ブイキューブは9月2日、企業向けの動画管理基盤を提供する米Qumuと日本とアジア太平洋地域での戦略的パートナーシップを締結したと発表した。QumuがSaaSやパッケージで提供する動画管理基盤などの製品やサービスを販売するほか、共同で製品を開発する。
ブイキューブは、Qumu日本法人であるクムジャパンの経営に参画、互いの製品やサービスを取り扱い、拡販する。売り上げ目標は3年後にアジア領域で年間10億円。
Qumuは企業が動画を活用するための“エンタープライズビデオ”を提供するNASDAQ上場企業。内部統制やセキュリティに対応するために、セキュアな動画管理基盤を求める企業が増えており、全世界のエンタープライズビデオ市場は2015~2018年の年平均成長率21%程度で成長しているという。
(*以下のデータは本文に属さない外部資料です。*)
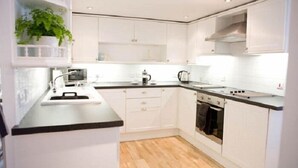 Sea Spray | Private kitchen | Full-size fridge, microwave, oven, stovetop - Seaspray (Moelfre)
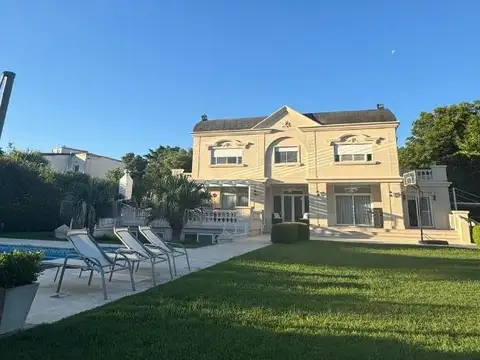 Casa en Venta en Abril Club De Campo, USD 1.500.000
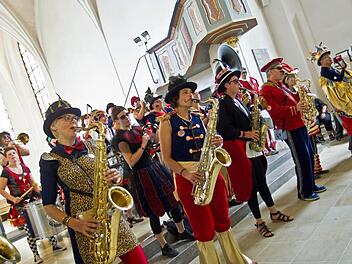Die Quastenflosser wurden bei ihrem Auftritt in der Coburger Heilig-Kreuz-Kirche begeistert gefeiert. Foto: Jochen Berger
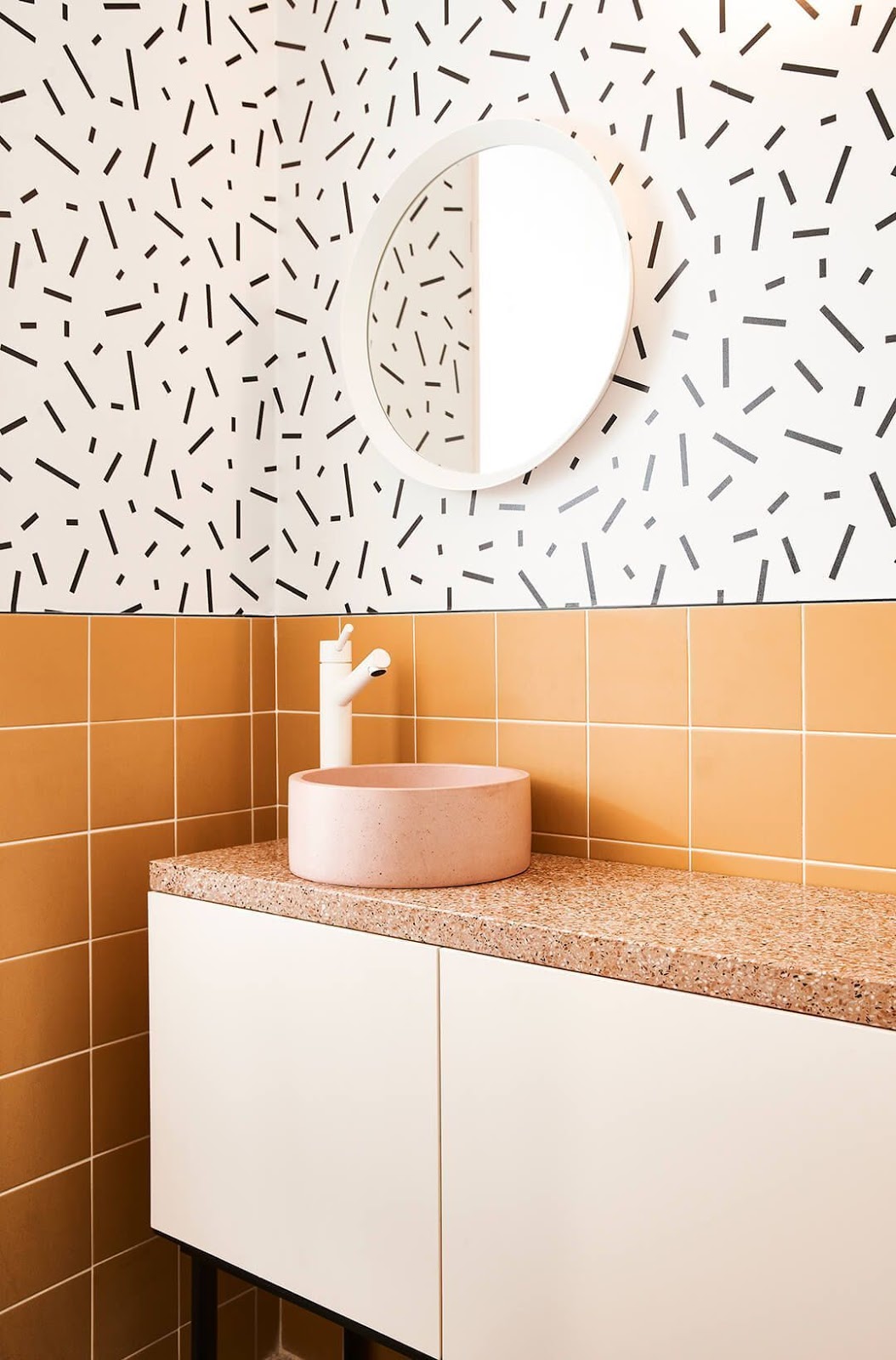 banheiro azulejo quadrado laranja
主にグローバル展開している企業向けに、役員メッセージや研修、最新情報の共有、ウェブ会議の共有などの用途で企業での動画活用が伸びていると説明する。
ブイキューブはこれまで、独自に動画配信基盤でリアルタイム動画や双方向コミュニケーションに注力してきたが、すでにこの領域で実績があるQumuと連携し、オンデマンド動画管理の分野にも注力するとした。
「エンタープライズビデオは開発の優先度を下げていた領域だが、顧客の引き合いもあるので対応を検討していた。多くの実績を持ち、われわれとの連携に前向きで柔軟性があるQumuとパートナーシップを結ぶことになった」(ブイキューブ 最高経営責任者 間下直晃氏)
間下氏は、エンタープライズビデオが伸びている理由として、テキストのマニュアルがあまり読まれず、動画で配信する企業が増えていると説明する。挨拶の仕方や機械の操作方法などのマニュアルを動画にして、店舗のスタッフに学習させる企業が世界的に増えているとした。これに加え、日本でも在宅勤務を推奨するような企業や、グローバル展開を推進する企業が増えている状況から、ウェブ会議とともにエンタープライズビデオ領域が伸長するとの考えを示した。
一方、オンデマンド動画は長さ数分以内に納めないとなかなか視聴してもらえないと説明。エンタープライズビデオを広げていくには動画の編集が重要とした。
Qumuの最高経営責任者(CEO) Vern Hanzlik氏はエンタープライズビデオで同社の動画管理基盤を利用している顧客はグローバル企業で大手企業ばかりであり、オンプレミスで提供している点が顧客に評価されているとした。製造、金融などはサイバー攻撃のリスクからオンプレミスで利用するケースが増えているという。Qumuは日本ではIIJや富士通などでの実績があり、Gartnerの動画配信管理分野で「マジック・クアドラント」でリーダーのポジションにいるとアピールした。